However, there is the opposite tendency as well. There is the one who only gives, but who fails to properly receive love. Those who only give (the out-givers), yet reject or suppress any desire or inclination to receive praise, good report or reward, i.e., to allow themselves to be known (even in the Hebrew sense of the word), are also not participating in the archetypal plan of love. For, like Lévinas, they reject the exaltation that God the Father rewarded the Son upon His act of outpouring love. The endstate of many who go down this route is inevitably bitterness, ingratitude and a form of pride. Agape without eros is as great an error as its inverse, even if we tend to see it play out less frequently in our lives.

There is a caveat to this last privation of love, however. The giver of love can experience unrequited love, yet still keep on giving love. However, to not experience love returned is not the same as rejecting the very desire or need for that love. The one is unfortunate, the other is sin.

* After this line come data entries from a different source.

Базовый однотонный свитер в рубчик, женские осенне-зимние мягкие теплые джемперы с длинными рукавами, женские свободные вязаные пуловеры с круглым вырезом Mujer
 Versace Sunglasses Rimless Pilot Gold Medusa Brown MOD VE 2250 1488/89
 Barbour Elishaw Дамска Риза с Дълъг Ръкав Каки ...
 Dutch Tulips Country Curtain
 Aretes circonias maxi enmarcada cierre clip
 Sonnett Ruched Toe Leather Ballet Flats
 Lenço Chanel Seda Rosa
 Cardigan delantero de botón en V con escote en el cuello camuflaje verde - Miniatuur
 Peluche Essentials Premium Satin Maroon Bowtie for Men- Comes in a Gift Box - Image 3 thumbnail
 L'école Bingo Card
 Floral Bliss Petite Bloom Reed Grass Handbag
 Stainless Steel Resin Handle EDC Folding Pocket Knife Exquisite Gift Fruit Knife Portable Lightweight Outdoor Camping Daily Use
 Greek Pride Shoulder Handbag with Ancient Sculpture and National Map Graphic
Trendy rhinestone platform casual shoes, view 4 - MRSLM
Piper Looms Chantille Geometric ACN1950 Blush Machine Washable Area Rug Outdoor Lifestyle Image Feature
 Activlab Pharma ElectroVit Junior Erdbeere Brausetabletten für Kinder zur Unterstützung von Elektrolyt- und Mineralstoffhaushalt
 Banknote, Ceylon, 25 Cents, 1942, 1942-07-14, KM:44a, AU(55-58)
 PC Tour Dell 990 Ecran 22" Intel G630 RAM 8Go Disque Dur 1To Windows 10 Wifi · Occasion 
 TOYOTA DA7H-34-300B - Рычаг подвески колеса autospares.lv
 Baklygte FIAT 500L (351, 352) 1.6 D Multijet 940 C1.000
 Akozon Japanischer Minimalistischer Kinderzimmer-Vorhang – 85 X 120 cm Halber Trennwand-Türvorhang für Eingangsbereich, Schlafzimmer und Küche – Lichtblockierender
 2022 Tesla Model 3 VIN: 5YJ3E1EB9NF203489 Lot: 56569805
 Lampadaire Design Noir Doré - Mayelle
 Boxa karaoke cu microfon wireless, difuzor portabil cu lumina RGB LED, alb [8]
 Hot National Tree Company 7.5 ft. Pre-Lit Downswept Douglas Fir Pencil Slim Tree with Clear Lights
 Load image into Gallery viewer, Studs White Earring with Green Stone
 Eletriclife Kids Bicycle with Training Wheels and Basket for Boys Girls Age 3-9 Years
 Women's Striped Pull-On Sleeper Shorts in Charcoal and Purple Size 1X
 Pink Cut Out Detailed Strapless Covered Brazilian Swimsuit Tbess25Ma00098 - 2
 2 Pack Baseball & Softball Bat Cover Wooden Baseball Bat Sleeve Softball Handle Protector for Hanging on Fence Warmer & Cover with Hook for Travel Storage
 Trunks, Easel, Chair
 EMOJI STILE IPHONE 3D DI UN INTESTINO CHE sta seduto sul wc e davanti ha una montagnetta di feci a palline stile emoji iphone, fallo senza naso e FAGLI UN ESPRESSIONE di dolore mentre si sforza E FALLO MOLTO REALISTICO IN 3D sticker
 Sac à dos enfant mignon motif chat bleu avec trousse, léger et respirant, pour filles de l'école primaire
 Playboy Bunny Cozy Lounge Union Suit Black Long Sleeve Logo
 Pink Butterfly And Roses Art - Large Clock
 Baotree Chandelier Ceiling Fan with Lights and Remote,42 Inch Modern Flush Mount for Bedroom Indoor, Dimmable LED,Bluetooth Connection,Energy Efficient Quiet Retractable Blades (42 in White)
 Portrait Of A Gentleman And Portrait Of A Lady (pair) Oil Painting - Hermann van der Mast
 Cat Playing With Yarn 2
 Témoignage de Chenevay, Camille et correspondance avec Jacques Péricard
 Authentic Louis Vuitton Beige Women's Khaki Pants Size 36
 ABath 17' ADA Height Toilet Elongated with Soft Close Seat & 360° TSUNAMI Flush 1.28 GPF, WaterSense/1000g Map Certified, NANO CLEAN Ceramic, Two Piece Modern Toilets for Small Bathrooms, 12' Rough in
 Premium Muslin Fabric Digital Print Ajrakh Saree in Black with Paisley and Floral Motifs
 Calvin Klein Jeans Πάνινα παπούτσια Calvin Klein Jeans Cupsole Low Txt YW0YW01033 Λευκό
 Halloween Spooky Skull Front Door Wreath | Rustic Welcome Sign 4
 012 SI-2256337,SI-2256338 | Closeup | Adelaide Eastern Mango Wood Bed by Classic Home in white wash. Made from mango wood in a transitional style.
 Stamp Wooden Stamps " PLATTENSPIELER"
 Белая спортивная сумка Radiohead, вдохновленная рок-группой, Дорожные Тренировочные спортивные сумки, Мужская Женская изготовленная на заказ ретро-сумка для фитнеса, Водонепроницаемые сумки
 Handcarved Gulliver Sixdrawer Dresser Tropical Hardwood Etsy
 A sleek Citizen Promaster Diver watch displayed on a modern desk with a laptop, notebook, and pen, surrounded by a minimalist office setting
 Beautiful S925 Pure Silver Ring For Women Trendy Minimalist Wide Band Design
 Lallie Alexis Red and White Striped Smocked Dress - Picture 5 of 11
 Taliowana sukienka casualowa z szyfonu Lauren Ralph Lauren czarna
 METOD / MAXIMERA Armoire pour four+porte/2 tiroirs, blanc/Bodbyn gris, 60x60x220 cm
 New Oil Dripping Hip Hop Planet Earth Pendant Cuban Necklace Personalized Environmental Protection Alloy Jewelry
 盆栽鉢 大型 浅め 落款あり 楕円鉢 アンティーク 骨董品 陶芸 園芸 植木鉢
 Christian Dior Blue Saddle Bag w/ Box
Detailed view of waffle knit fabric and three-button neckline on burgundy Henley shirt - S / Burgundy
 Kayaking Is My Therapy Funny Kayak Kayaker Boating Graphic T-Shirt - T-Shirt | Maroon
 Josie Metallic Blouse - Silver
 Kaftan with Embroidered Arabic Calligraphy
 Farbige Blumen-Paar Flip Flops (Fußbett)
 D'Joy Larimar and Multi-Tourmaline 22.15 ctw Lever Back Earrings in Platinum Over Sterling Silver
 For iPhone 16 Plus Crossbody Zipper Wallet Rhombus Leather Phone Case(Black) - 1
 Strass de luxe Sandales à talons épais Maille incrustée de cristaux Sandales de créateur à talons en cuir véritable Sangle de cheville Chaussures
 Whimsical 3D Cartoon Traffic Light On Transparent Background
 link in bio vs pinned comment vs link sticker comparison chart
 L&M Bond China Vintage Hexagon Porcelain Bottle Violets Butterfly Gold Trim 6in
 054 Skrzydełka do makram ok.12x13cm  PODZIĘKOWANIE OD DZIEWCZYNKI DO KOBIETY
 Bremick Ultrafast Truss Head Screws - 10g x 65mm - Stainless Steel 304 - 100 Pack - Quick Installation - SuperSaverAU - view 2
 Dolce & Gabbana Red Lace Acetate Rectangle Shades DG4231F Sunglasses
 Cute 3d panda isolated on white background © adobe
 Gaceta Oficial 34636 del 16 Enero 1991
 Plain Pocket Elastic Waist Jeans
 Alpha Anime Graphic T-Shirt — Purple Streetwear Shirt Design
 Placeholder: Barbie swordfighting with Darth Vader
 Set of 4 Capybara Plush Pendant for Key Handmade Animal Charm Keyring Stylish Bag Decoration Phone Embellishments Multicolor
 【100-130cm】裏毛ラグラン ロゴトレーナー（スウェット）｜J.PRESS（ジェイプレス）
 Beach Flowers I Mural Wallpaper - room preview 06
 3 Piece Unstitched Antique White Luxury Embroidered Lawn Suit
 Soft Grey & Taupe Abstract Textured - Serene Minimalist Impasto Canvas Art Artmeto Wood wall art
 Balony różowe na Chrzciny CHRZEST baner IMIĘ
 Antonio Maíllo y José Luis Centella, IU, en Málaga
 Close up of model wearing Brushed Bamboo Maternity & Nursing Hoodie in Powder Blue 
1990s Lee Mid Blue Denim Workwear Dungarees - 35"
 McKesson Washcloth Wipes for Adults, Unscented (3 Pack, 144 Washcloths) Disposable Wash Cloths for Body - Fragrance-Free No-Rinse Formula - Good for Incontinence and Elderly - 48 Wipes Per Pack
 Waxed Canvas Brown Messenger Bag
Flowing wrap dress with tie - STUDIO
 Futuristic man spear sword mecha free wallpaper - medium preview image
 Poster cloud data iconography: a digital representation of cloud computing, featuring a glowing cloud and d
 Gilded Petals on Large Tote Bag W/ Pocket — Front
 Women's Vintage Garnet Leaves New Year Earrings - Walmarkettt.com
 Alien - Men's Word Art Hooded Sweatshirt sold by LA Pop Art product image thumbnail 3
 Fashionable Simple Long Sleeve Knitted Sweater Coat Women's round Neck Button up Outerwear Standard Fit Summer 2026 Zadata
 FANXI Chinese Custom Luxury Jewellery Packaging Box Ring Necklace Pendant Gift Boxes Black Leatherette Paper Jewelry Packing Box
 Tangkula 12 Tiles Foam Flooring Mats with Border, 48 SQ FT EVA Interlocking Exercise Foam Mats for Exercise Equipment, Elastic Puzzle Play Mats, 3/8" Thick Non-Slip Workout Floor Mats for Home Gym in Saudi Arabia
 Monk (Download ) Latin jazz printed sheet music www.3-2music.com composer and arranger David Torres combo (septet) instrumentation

Conclusion: We Cannot Love (Yet)

The divine love, presented to us succinctly by Paul in Philippians 2:5-11, requires both agape and eros to be in perfect harmony and demands from us to acknowledge and pursue both. Oden sums up this harmony well:

Love that becomes fulfilled is that which finds some balance of giving and receiving, of self-fulfillment and fulfillment of the other, of eros and agape, of love received and love poured out if not now, over time, bound by fidelity, and if not in time in eternity…A perfect love would be that which receives to the limit whatever goods can be received from a relationship and gives without bounds whatever goods can be given.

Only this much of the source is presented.